The aircraft, hired from Transport Arco of Argentina by a London arms dealer, flew to Tehran twice last summer, carrying ammunition, Israeli-made 106 recoilless rifles and possibly tires for Iran's U.S.-made Phantoms.
On both occasions, it landed in Larnaca, Cyprus, changed documents to hide the flight's Israeli origin and showed its cargo to be fruit and vegetables for Iran, according to diplomatic and government sources in Turkey, Cyprus and London.
On the third flight, the plane abandoned the ruse and flew directly from Tel Aviv to Tehran, the sources said. It crashed on the return leg.
Tehran denied the arms connection. Ayatollah Ruhollah Khomeini said the reports were enemy propaganda and he did not consider Israel worth dealing with. Amir Saeedi, Iranian press attache in London, said, 'We have so much weapons from the arsenal built by the shah that we don't require Israeli weapons.'
Israel maintained silence.
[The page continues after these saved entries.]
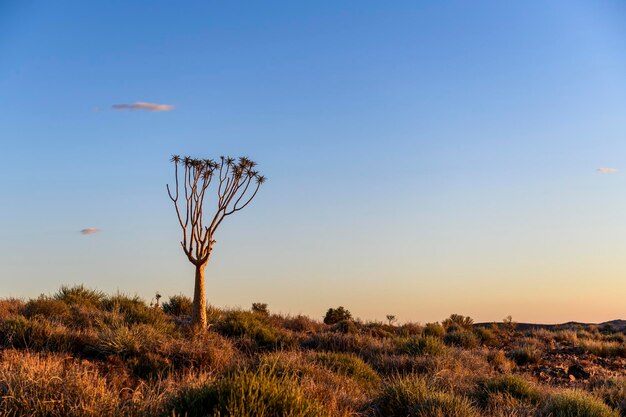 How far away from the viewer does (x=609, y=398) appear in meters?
12.9

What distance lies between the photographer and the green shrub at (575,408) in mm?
10352

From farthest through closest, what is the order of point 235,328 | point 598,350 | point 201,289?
1. point 598,350
2. point 235,328
3. point 201,289

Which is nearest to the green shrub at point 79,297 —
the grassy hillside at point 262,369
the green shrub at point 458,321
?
the grassy hillside at point 262,369

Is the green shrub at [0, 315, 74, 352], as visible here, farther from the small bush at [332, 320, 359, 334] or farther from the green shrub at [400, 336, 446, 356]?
the small bush at [332, 320, 359, 334]

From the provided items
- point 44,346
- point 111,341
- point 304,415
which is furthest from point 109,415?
point 44,346

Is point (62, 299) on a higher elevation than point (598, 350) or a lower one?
higher

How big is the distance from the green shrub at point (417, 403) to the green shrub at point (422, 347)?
681 cm

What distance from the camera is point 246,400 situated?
6859 mm

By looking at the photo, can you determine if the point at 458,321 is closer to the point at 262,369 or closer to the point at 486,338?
the point at 486,338

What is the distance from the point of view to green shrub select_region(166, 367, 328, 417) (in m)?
6.72

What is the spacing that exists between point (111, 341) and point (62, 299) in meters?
8.52

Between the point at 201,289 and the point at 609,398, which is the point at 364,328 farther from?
the point at 609,398

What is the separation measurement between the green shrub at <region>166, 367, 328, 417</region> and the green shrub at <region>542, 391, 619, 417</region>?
16.0 feet

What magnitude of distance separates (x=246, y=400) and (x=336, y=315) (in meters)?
24.3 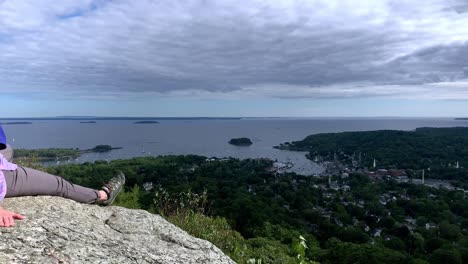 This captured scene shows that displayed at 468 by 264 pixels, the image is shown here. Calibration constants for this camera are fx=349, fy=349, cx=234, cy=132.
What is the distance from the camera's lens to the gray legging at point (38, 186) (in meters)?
3.99

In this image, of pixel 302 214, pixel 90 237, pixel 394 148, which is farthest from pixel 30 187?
pixel 394 148

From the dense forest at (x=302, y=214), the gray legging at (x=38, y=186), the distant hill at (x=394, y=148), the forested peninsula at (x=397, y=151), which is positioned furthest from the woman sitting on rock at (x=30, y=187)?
the distant hill at (x=394, y=148)

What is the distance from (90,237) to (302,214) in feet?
118

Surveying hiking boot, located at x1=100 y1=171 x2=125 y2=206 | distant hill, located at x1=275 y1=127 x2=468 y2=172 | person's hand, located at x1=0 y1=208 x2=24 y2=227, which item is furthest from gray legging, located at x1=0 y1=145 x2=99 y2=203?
distant hill, located at x1=275 y1=127 x2=468 y2=172

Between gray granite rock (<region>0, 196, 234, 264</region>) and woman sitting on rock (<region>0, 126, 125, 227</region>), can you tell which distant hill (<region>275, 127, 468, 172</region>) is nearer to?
gray granite rock (<region>0, 196, 234, 264</region>)

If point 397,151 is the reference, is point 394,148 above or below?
above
Yaakov Keinan, Israeli press attache in London, said, 'We have a general policy of never discussing our arms sales.'
Iran's foes, chiefly Iraq, made political capital of the arms airlift, hoping it would damage Iran's standing in Arab quarters and make a mockery of Khomeini's Islamic, anti-Israel posture.
Despite the plane crash, Western sources said an air bridge from Israel to Tehran still was operating and arms were flowing in for Iran's war effort against Iraq.
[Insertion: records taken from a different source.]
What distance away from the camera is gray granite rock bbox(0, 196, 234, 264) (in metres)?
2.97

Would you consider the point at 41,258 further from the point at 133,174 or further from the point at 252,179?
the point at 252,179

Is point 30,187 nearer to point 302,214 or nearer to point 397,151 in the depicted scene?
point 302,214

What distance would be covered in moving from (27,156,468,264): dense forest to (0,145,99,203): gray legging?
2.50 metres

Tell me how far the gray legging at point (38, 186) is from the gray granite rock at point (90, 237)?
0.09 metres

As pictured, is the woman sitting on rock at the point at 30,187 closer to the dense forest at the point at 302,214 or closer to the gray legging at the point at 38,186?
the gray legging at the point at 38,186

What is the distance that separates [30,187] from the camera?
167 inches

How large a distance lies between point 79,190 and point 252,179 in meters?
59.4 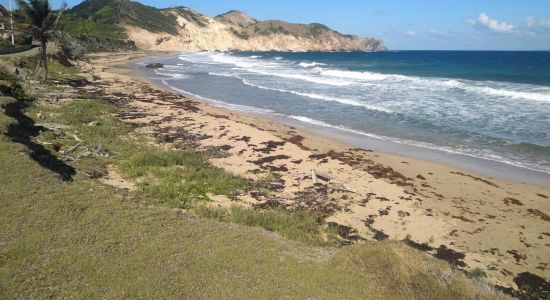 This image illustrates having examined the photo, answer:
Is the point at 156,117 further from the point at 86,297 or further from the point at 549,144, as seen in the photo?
the point at 549,144

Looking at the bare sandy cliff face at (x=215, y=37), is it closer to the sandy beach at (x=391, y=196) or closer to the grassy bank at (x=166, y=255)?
the sandy beach at (x=391, y=196)

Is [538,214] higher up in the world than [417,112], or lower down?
lower down

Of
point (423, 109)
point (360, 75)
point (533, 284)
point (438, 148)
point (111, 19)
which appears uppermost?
point (111, 19)

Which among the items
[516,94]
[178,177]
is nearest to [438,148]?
[178,177]

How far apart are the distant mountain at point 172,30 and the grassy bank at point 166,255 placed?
94.6 metres

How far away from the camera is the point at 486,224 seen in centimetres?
1053

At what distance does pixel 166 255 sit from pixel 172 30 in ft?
469

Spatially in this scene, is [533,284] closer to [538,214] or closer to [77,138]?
[538,214]

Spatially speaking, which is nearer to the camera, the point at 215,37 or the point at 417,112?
the point at 417,112

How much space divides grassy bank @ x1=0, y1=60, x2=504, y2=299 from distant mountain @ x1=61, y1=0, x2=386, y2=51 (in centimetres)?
9455

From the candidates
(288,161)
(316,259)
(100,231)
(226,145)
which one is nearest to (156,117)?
(226,145)

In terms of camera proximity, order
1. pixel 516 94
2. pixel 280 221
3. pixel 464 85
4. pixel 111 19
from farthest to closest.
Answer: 1. pixel 111 19
2. pixel 464 85
3. pixel 516 94
4. pixel 280 221

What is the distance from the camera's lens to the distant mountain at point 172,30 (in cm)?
11356

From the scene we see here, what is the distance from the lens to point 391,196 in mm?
12156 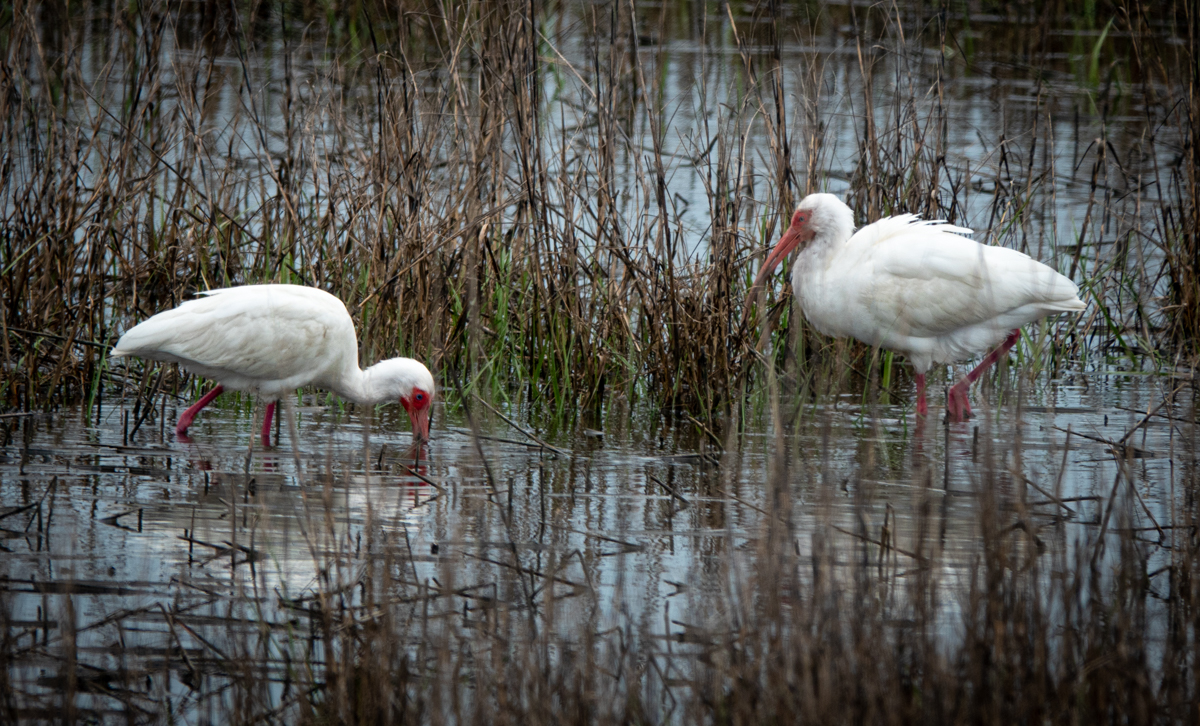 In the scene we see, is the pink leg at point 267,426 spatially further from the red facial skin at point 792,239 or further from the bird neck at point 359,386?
the red facial skin at point 792,239

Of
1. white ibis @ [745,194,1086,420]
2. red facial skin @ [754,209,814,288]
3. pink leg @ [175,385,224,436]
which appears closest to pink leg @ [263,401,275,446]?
pink leg @ [175,385,224,436]

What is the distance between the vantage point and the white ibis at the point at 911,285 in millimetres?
6879

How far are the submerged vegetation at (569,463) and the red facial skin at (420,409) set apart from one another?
0.22 metres

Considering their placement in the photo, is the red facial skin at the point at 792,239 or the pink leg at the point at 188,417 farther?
the red facial skin at the point at 792,239

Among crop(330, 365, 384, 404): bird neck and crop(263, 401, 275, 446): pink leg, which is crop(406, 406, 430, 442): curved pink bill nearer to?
crop(330, 365, 384, 404): bird neck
The war started in September 1980 amid a U.S. and West European embargo on arms and spares supplies to Tehran. Iran's heavy dependence on its arsenal of U.S.-made warplanes, warships, guns and missiles made it appear the war would not last.
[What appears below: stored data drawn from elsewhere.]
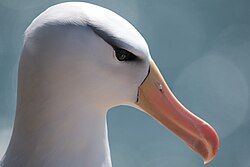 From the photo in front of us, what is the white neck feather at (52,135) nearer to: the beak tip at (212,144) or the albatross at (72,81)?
the albatross at (72,81)

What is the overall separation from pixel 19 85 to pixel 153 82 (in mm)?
463

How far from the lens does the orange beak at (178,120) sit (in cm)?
191

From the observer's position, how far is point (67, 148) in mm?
1776

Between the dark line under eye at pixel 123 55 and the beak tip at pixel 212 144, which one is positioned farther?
the beak tip at pixel 212 144

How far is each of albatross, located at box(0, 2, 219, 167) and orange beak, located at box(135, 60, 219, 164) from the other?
0.07 meters

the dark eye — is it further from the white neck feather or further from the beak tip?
the beak tip

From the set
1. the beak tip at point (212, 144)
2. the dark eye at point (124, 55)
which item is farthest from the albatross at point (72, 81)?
the beak tip at point (212, 144)

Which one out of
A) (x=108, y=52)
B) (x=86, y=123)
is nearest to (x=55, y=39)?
(x=108, y=52)

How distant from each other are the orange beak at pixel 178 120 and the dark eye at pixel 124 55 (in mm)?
162

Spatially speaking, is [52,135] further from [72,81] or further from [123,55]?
[123,55]

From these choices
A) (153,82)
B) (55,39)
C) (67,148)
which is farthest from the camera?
(153,82)

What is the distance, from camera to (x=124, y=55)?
175 cm

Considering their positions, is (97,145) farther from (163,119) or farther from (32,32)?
(32,32)

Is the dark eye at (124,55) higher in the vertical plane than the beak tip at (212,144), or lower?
higher
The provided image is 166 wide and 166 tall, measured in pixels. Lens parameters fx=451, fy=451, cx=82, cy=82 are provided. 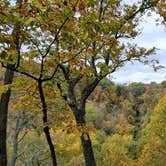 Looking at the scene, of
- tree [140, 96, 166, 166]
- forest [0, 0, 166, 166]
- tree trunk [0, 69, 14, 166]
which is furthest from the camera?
tree [140, 96, 166, 166]

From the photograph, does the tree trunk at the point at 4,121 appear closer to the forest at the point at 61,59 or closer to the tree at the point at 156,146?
the forest at the point at 61,59

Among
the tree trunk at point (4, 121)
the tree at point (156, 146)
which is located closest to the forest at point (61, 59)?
the tree trunk at point (4, 121)

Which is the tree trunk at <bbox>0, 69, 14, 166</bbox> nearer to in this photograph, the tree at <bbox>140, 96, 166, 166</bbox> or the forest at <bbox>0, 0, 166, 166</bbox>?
the forest at <bbox>0, 0, 166, 166</bbox>

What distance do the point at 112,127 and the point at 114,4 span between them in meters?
74.2

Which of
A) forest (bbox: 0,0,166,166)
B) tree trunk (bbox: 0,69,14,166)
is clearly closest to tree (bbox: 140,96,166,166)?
forest (bbox: 0,0,166,166)

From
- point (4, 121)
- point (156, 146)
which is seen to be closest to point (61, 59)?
point (4, 121)

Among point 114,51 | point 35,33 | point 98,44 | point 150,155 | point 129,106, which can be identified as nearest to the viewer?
point 35,33

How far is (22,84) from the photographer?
8.74 m

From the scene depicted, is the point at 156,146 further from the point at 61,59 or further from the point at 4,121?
the point at 61,59

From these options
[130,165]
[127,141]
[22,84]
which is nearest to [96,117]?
[127,141]

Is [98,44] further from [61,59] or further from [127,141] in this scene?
[127,141]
But the war now is 19 months old and Iran has pushed back Iraqi forces from a part of the occupied land in the southwest. Western diplomats recently acknowledged Israel was the odd number among mostly East Bloc suppliers, including the Soviet Union and North Korea.
Two Israelis identified by the BBC Panorama television program last month as officers of Mossad, the Israeli secret service, said Israel wanted to strengthen the Iranian military, if only to prepare it to take over Iran after Khomeini died.
Jacob Nimrodi, who the BBC said was the head of Mossad in Tehran during the shah's rule, said Israel could 'help the Iranians to do the coup to throw this regime.'
David Kimche, Mossad's former deputy director, told the BBC, 'We want to see a stable, strong, pro-Western Iran fulfilling its traditional role as a counter-balance to possible Soviet encroachment and possible Iraqi encroachment in that area. That's our wish.'
A Western analyst in Ankara told UPI after the plane crash, 'Moscow probably knew of those secret arms airlifts and didn't like it.
'If one looked at it from a Soviet standpoint, it seemed like Israel was trying to rebuild a bridge, a Western bridge, with radical Iran,' he said.
But there was 'no proof, only suspicion' that the plane was shot down, he said. Some Iranian exiles in Paris claimed that was fact.
A Soviet version of the incident did not come until four days later, when the Tass news agency, said, 'An unknown plane entered Soviet airspace. It failed to identify itself, made a series of dangerous maneuvers and finally collided with a Russian plane.'
The Argentine ambassador in Moscow, flown to the crash site by Soviet authorities, reported he saw no sign of wreckage from a Soviet plane. Instead of the victims' bodies, the envoy received three urns said to contain their ashes.